The hits came immediately for Brown at Aladdin: Get Yourself Another Fool and the R&B chart-topping Trouble Blues in 1949 and the mournful Black Night, cut December 21, 1950 at Radio Recorders in L.A. with Jesse Ervin's guitar work solidly in the Moore tradition, were among the biggest. Penned by L.A. female songsmith Jessie Mae Robinson, Black Night paced the R&B hit parade for 14 weeks in 1951. "Everything I was doing was a big hit with them," said Charles of his Aladdin hookup. But the good times didn't last. Brown took his final bow on the R&B charts for almost a decade the next year (a holiday offering, Please Come Home For Christmas, brought him back briefly in 1960), and a 1958 dispute with his booking agency laid him low for years as a live act.
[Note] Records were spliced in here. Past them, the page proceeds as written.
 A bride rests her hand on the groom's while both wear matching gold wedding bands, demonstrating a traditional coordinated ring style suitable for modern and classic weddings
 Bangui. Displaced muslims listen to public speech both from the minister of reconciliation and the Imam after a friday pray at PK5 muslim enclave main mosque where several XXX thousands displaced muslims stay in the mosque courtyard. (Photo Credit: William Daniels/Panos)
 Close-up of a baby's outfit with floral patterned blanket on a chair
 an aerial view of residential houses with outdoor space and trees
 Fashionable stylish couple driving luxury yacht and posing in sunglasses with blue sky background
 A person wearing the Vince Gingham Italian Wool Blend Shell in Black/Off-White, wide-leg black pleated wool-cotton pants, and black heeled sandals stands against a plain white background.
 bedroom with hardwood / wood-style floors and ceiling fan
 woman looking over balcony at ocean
"I became a scab musician," he explained. "I couldn't work in no place unless I paid the union. Well, I couldn't work because I didn't have nobody booking me. So I went into seclusion. That's how I came off the scene." The drought ended during the '80s, when Europe began to beckon. Then in 1990, Bonnie Raitt booked Charles as her opening act. "That really started the ball rolling for me," he said.
Brown died January 21, 1999 after a full decade back in the spotlight. "I did do something that I thought was part of me, and that the people recognize," Brown said. "I can go to my grave thinking that I did do something that got recognition."